IMF Contemplates the Risks and Rewards of Stablecoins
The International Monetary Fund (IMF) published a new staff paper on September 19, saying stablecoins can cause significant disruptions to the current global payments framework. However, the organization also admits that this type of cryptocurrencies can contribute to improving financial inclusion across the world.
Disintermediation of the Finance Sector
According to a recent post on the IMFBlog, stablecoins pose a number of risks to global finance, one of which is the disintermediation of the finance sector. Banks will be the first to be affected, as stablecoin issuers provide users with direct access to local and international payment options.
However, banks can attempt to hold on to their status as gatekeepers by creating their own digital currency innovations. European regulators have in recent times spoken highly of central bank digital currencies (CBDC) as being better than privately-issued stablecoins.

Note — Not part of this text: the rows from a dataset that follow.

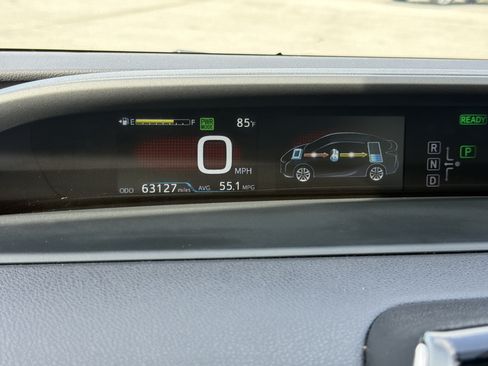 Used 2016 Toyota Prius Three w/ Protection Package FWD image 28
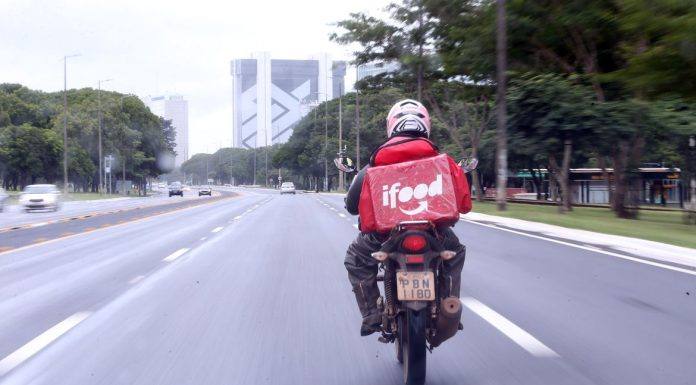 Entregadores de apps pedem melhores condições de trabalho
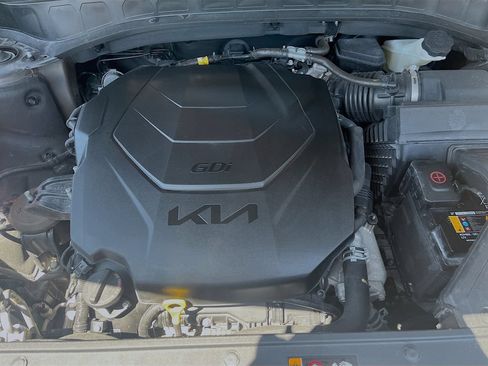 Used 2025 Kia Telluride EX X-Line AWD/4WD image 32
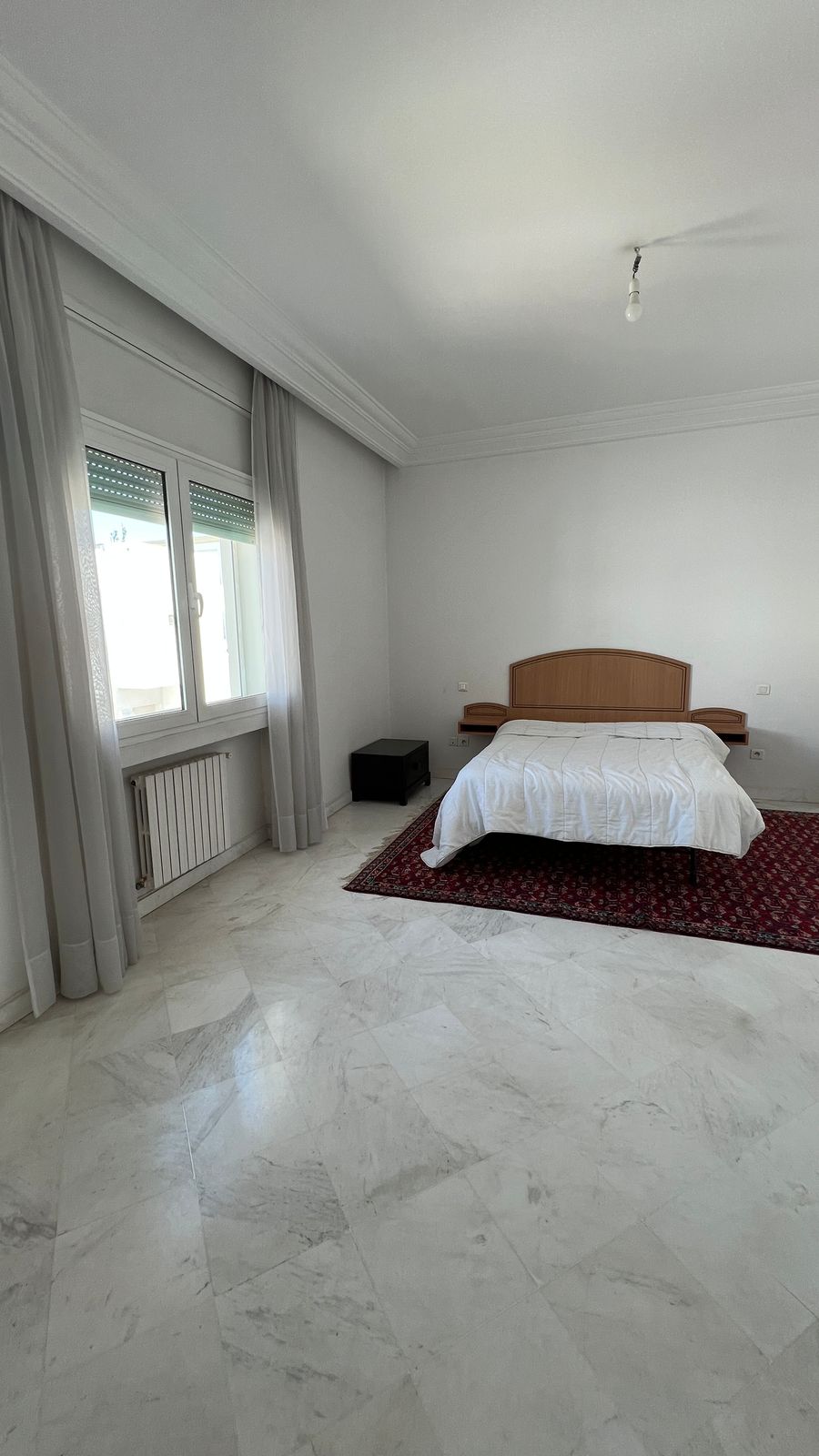 Cite El Khadra Zone urbaine nord Location Appart. 3 pices S2 meubl lac 1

Since the release of the whitepaper for Libra — Facebook’s crypto project, there has been a resurgence in the talk of government-issued digital coins. Recently, Thomas Jordan talked up the potential of state-issued fiat-pegged currencies, saying they could be used as substitutes for fiat.
Capital Control Conundrum
Another probable risk identified by the IMFBlog comes in the form of capital control palaver for governments. Tech companies like Facebook with 2.4 billion users can leverage their networks to compete with global currencies like the U.S. dollar.
This past week, authorities in France and Germany have called Libra a threat to the monetary sovereignty of nations. Policymakers in Beijing have gone even further, raising questions over the potential “dollarization” risk posed by Libra.
Chinese authorities purportedly fear that widespread Libra adoption in China could lead to further devaluation of the yuan.
Conduit for Money Laundering
There is also the fear that stablecoins may become a conduit for money laundering and other illegal financial activities. To be fair, this particular rhetoric is one that regulators regularly call upon when criticizing cryptocurrencies as a whole.
The Libra Association has been holding a series of meetings with central banks and financial watchdogs over the issue of money laundering. The Swiss Financial Market Supervisory Authority (FINMA) has said it will enforce robust anti-money laundering (AML) protocols on the project.
FATF (Financial Action Task Force) — the intergovernmental AML body, has made combating money laundering via cryptos one of its focus points for 2019. Crypto businesses in FATF member states have begun to take steps to comply with guidelines set forth by the task force.